No entanto, o vazamento revelou que o Brasil, a Arábia Saudita, o Japão, a Austrália e a Argentina estão entre os países que pediram à ONU que minimizasse a necessidade de interromper rapidamente o uso de combustíveis fósseis.

Para Méndez, há uma questão fundamental para entender por que tem sido tão difícil para nós chegarmos a um acordo: a economia e o modo de vida atuais do planeta derivam em grande parte da queima de combustíveis fósseis.

"Vemos que, no caso das mudanças climáticas, esses gases (do efeito estufa) estão envolvidos em uma série de processos que definem o modo de vida atual no planeta", diz.

"Isso aumenta muito a complexidade, principalmente as implicações econômicas", enfatiza Méndez. Nesse sentido, o Protocolo de Montreal foi muito mais fácil. Os CFCs foram produzidos por empresas químicas muito específicas que chegaram a acordos de substituição com governos.

Doniger explica que deve haver um período de transição para passar da queima de combustíveis fósseis para uma economia mais verde, semelhante à dos CFCs para os produtos químicos que os substituíram.

"Não podemos banir da noite para o dia.
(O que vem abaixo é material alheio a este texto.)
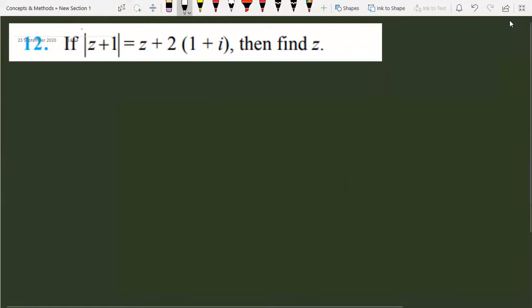Let's start with how we are going to solve this question. First of all, we need a little manipulation here. Since z is unknown, what we do is let z equal to x plus i·y. It is a complex number where x is the real part and y is the imaginary part. We will substitute the value of z into this expression.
Precisamos fazer uma transição", diz ele.

"Será mais difícil regular os combustíveis fósseis, mas a dinâmica é a mesma."

Nesse processo de transição, pode não haver um único consenso. Nesse período de transição, enfatiza, será necessário ver como cada país pode contribuir.

"Os países desenvolvidos são os que mais emitem (gases de efeito estufa), mas estão mais preparados para o combate às mudanças climáticas do que os países em desenvolvimento.", diz ele.

"Tem que haver uma transferência de tecnologia dos países desenvolvidos para os mais pobres para que juntos lutemos contra as mudanças climáticas. Mas para isso teremos que arcar com os custos".

"Essa é talvez a coisa mais importante que aprendemos com Montreal. As nações tinham vontade política de arcar com os custos e proibir os CFCs. É o tipo de vontade de que precisamos para a mudança climática."